After Exporting Image Gets Pixelated

  • January 27, 2019
  • 4 replies
  • 9263 views

Hello guys, I've been doing the same thing for years, but for some weird reason after the latest update everytime I expert a business card with a 300-350 dpi all logos of any business cards I create is pixelated.

I thought "well, it's just my new macbook pro's amazing resolution that is making it pixelated when I view the exported image"

It turns out after being printed it was a little pixelated. I don't know what the heck I'm doing wrong since I've been doing the same for years.

You might say to export as a PDF, I really can't because the company printing the cards only accepts JPEGs with 300-350dpi resolution.

The way I export it is FILE > EXPORT > EXPORT AS

Here's an example of the latest card after being exported:

My client send me a picture of how it looks after printing:

And the .AI file open without any pixels since the logo was designed inside Illustrator, as you can see, there's no pixelated images:

Please, I hope someone can help.

Thank you all!!

This topic has been closed for replies.
Correct answer Monika Gause

The print doesn't show pixels, but the result of halftone screening.

So probably the company is now using different processes than they used to.

4 replies

Participant
March 20, 2019

I did turn on anti-aliasing, and also Scale Strokes and Effects. I created outlines of the text. Put everything together on one layer and scaled it, then exported as a jpg. I placed those into an InDesign Document to run a test print and they looked very pixelated.

I think what happened is that when I scaled it I may have shifted the dimensions by a tiny margin since I didn't have the width and height locked. The original is ever so slightly out of square.

I redid all the files last night, exporting each size as a pdf and a jpg, then ran another test print through InDesign this morning, and they are printing fine now.

Ton Frederiks
Community Expert
Community Expert
March 20, 2019

sirenicity  wrote

I redid all the files last night, exporting each size as a pdf and a jpg, then ran another test print through InDesign this morning, and they are printing fine now.

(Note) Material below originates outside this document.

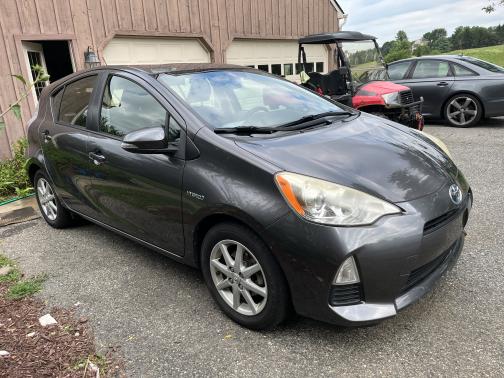 2012 Toyota Prius c Four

PDF should be your choice, it keeps the scalable vector information instead of turning it into fixed pixels as jpeg.

Participant
March 20, 2019

Did you find a solution? I'm having the same problem - if I export to a jpg, then it prints pixelated and I can't understand why.

I'm also scaling to multiple sizes... but what I have is an original Illustrator image all vector so I don't understand what I'm doing incorrectly.

Doug A Roberts
Community Expert
Community Expert
March 20, 2019

A JPEG is made of pixels. If you export a JPEG, you are 'pixellating' your vector image.

Participant
March 20, 2019

Yes, I understand that. Let me be more clear. I'm exporting at 300 DPI. There's absolutely no cause for it to print with easily visible step-blocks (which look like pixellation) instead of smooth lines.

barbara_a7746676
Community Expert
Community Expert
January 27, 2019

That type of artwork should be submitted to the vendor as vector, not a bitmap jpg. If it must be jpg, the resolution should be much higher, probably minimum 800 ppi. I would suggest hiring a different printing company that will accept native AI files or PDF.

Monika Gause
Community Expert
Community Expert
January 27, 2019

There will still be halftone screening in the printed result.

barbara_a7746676
Community Expert
Community Expert
January 27, 2019

True, the halftoning that the vendor is using is too coarse.

Monika Gause
Community Expert
Monika GauseCommunity ExpertCorrect answer
Community Expert
January 27, 2019

The print doesn't show pixels, but the result of halftone screening.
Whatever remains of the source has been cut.